## RECORDED DATA
====

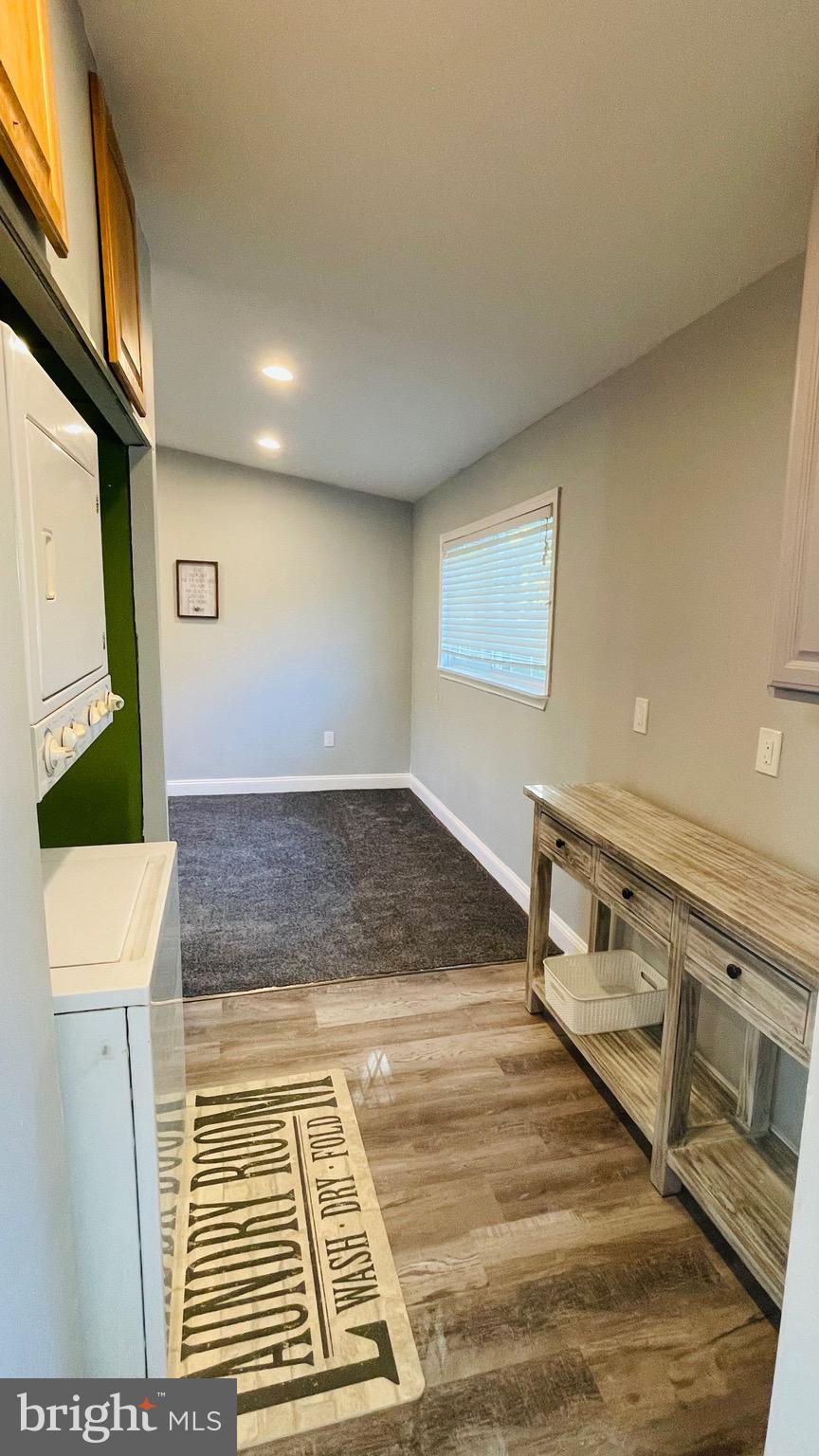 WHITE ROCK - Residential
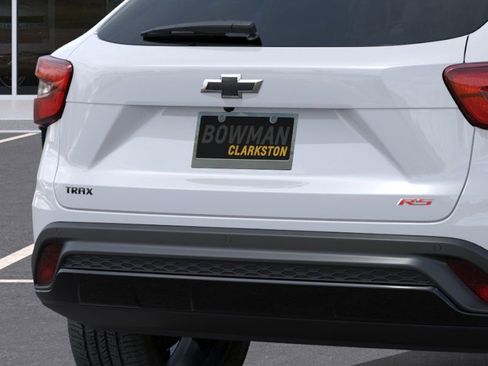 New 2026 Chevrolet Trax RS w/ Sunroof Package FWD image 16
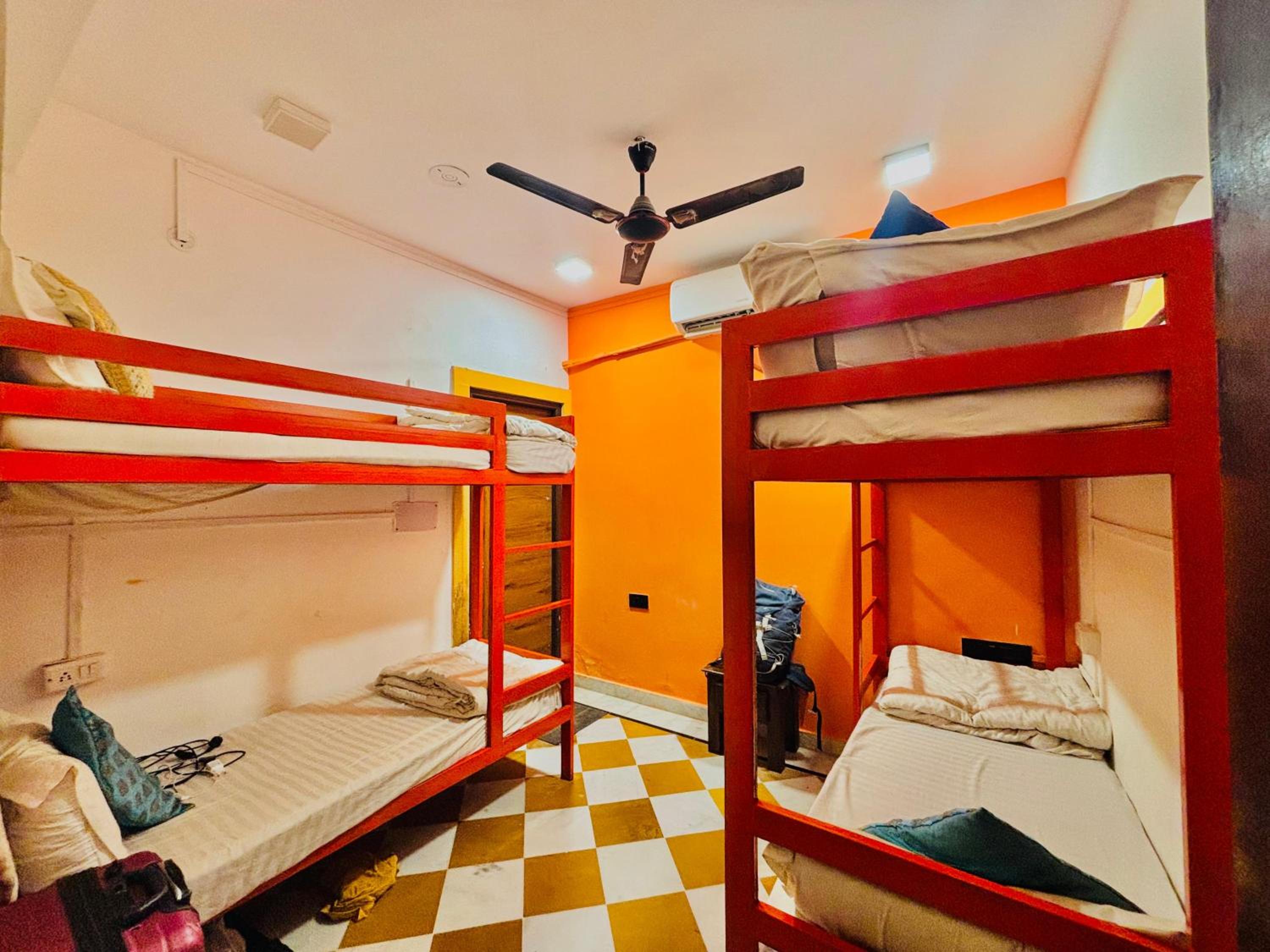 Bed in 8-Bed Mixed Dormitory Room photo 1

====

Give back an exact copy of only the lines from the one with "New 2026 Chevrolet" through the final line of the material, both included. Pictures do not belong in it.

## RESPONSE AREA
 New 2026 Chevrolet Trax RS w/ Sunroof Package FWD image 16
 Bed in 8-Bed Mixed Dormitory Room photo 1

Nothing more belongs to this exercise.